* [Data to process]

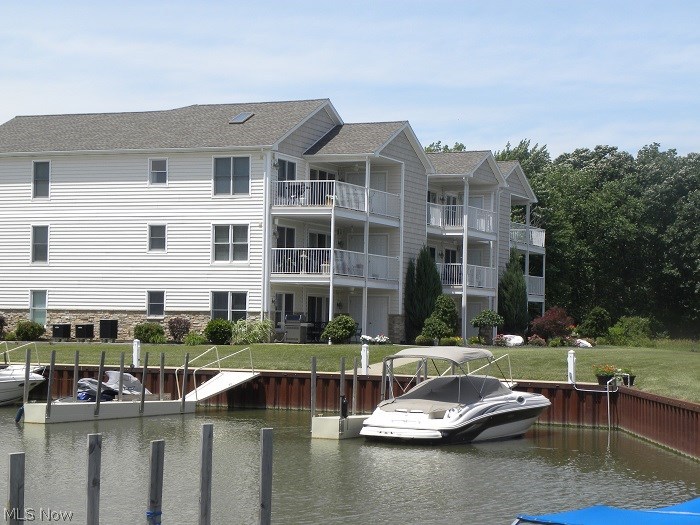 Harbors End Condo - Residential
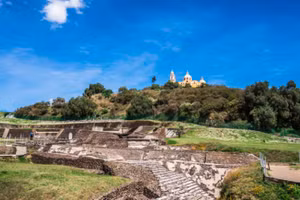 Nhà thờ nằm trên đỉnh kim tự tháp khổng lồ.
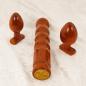 Preview: Padouk Weihnachts-Bundle – hochwertiger Holzdildo + 2 Analplugs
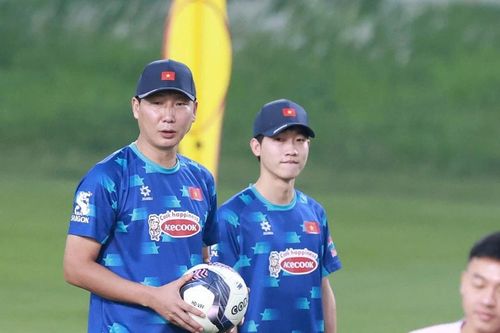 Tuyển Việt Nam: Đến lúc cần HLV Kim Sang Sik chọn người chính xác; Trận đấu điên rồ của Real Madrid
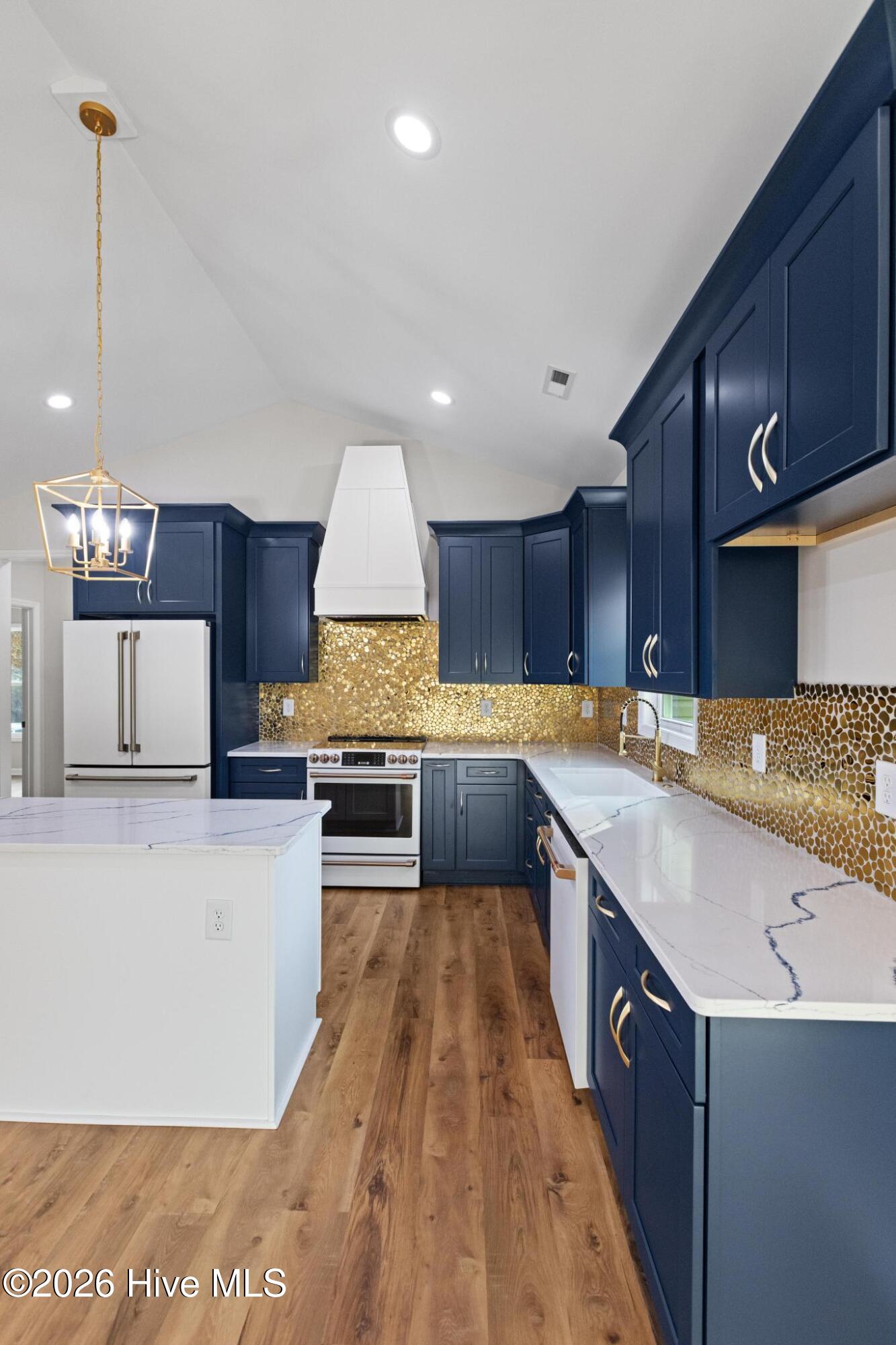 100524843 | Photo 20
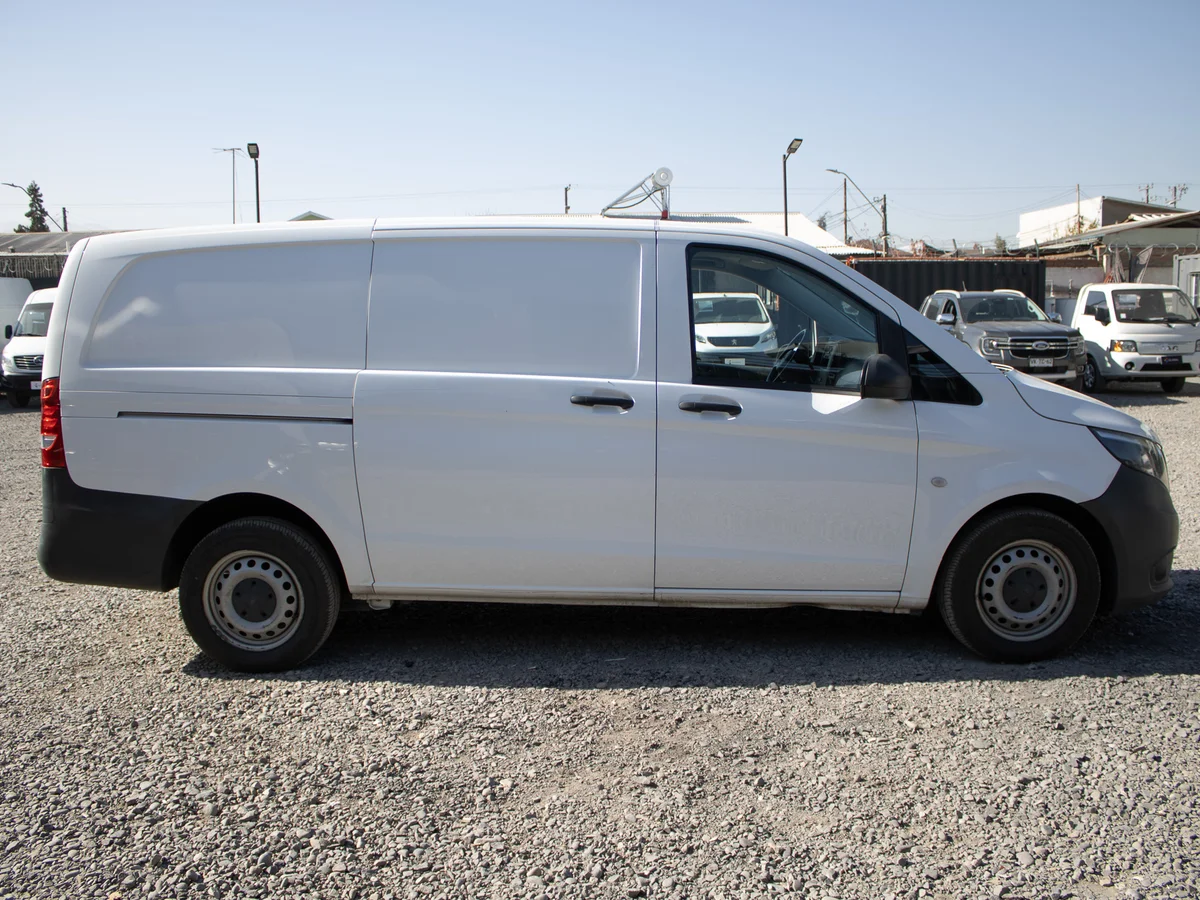 Mercedes Benz Vito 111 2022 miniatura 5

* [Problem to solve] Each line from the one bearing "100524843 | Photo 20" through the final line of the records is to be copied exactly, and no pictures are to be included.

* [Task answer]
 100524843 | Photo 20
 Mercedes Benz Vito 111 2022 miniatura 5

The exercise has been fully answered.